Directions for this task: Write out every record exactly as it appears. Skip the pictures.

Data items:
BEGIN
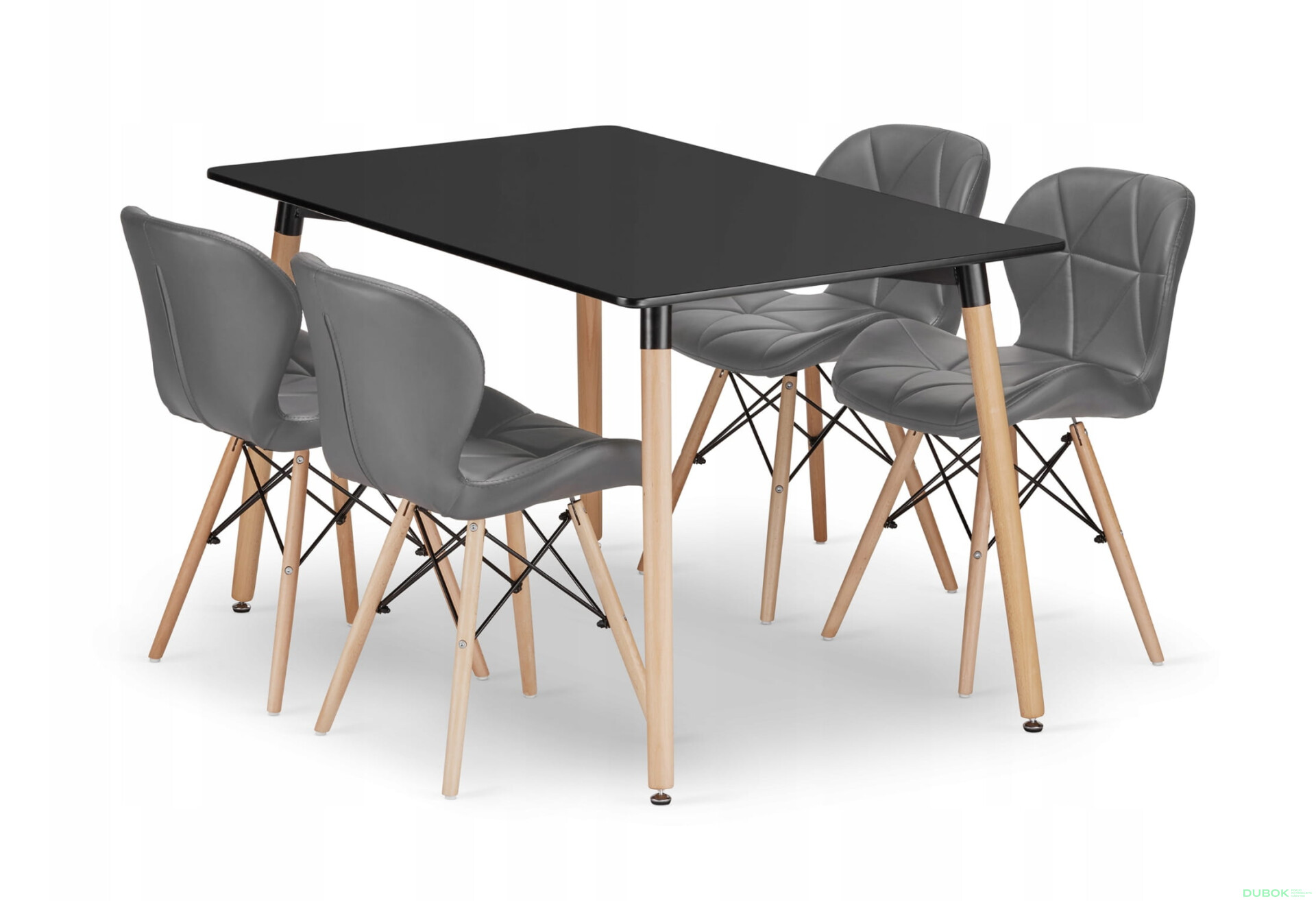 Zestaw stół prostokątny ADRIA 120x80 czarny + 4 krzesła LAGO szare - Fotografia 1 Fotografia 1 - Zestaw stół prostokątny ADRIA 120x80 czarny + 4 krzesła LAGO szare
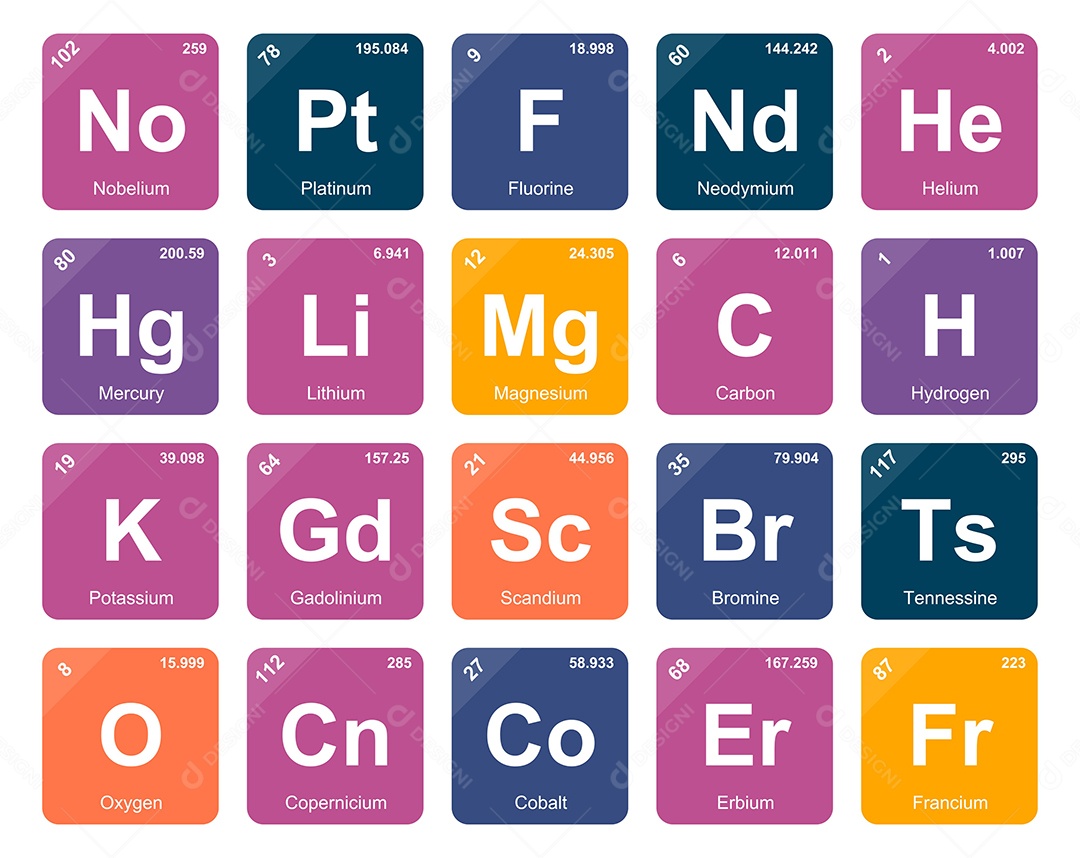 Tabela Periódica Colorida Ícones Vetor EPS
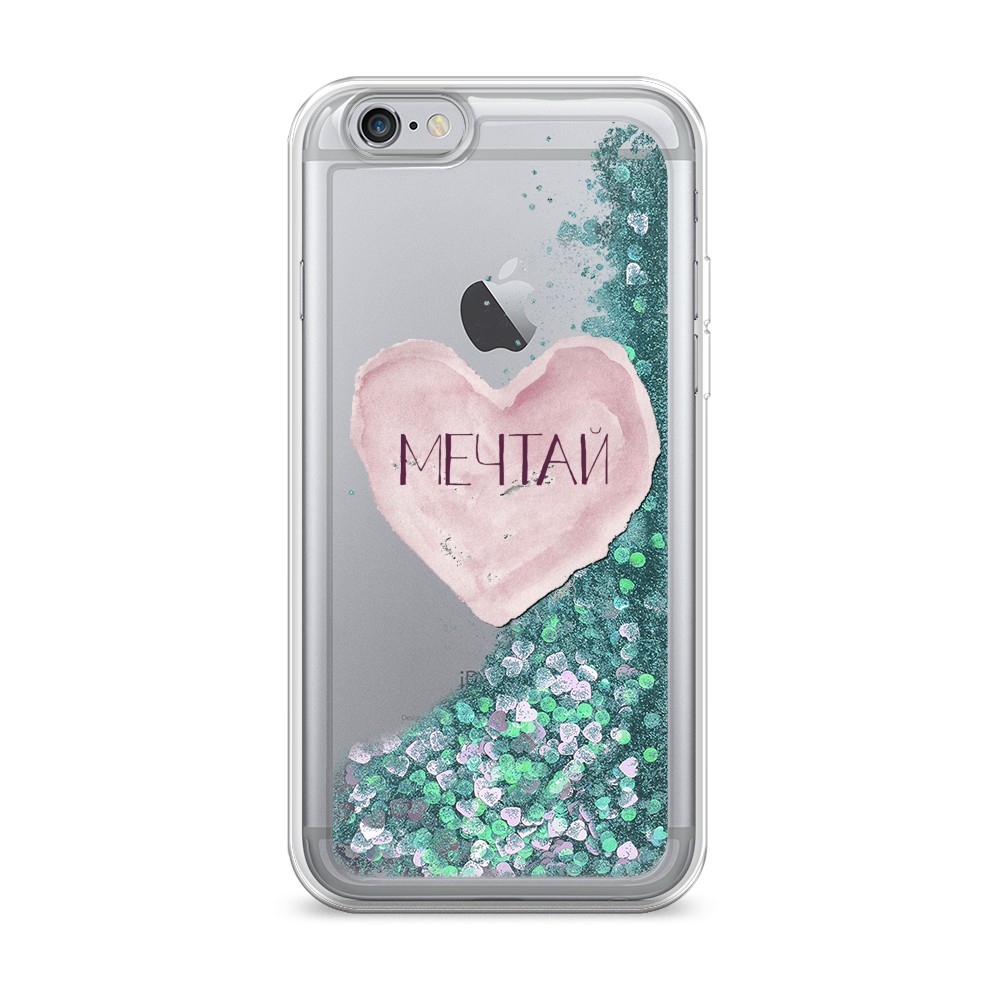 

Жидкий чехол с блестками "Мечтай сердце" на Apple iPhone 6, 10495-1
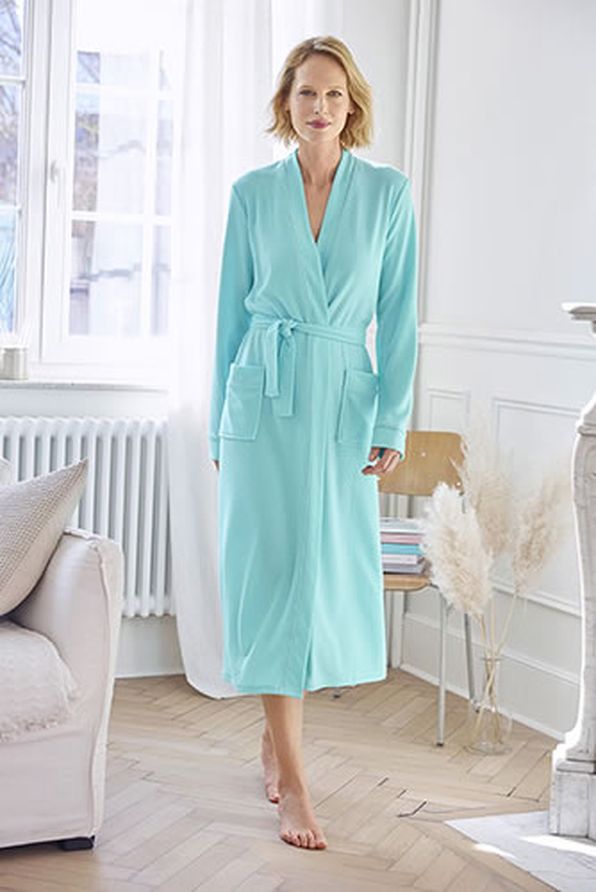 Robe De Chambre Maille Nid D Abeille Peignoirs Damart Belgique
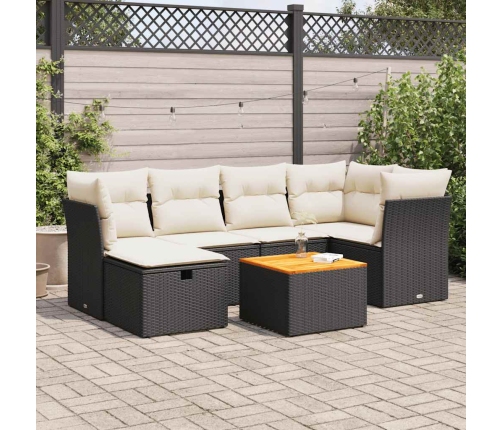 Set de sofás de jardín 7 pzas con cojines ratán sintético negro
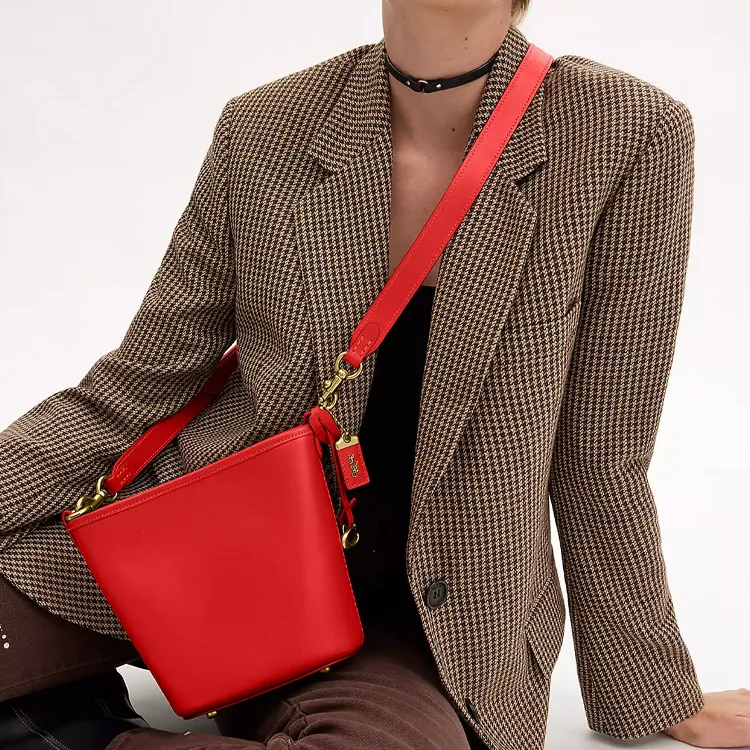 COACH Dakotah Glove Tanning Bucket Bags One Shoulder Handbags Mini Women's Gloves With Leather Brass Sports Red-3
END
Solved problem:
 Zestaw stół prostokątny ADRIA 120x80 czarny + 4 krzesła LAGO szare - Fotografia 1 Fotografia 1 - Zestaw stół prostokątny ADRIA 120x80 czarny + 4 krzesła LAGO szare
 Tabela Periódica Colorida Ícones Vetor EPS

Жидкий чехол с блестками "Мечтай сердце" на Apple iPhone 6, 10495-1
 Robe De Chambre Maille Nid D Abeille Peignoirs Damart Belgique
 Set de sofás de jardín 7 pzas con cojines ratán sintético negro
 COACH Dakotah Glove Tanning Bucket Bags One Shoulder Handbags Mini Women's Gloves With Leather Brass Sports Red-3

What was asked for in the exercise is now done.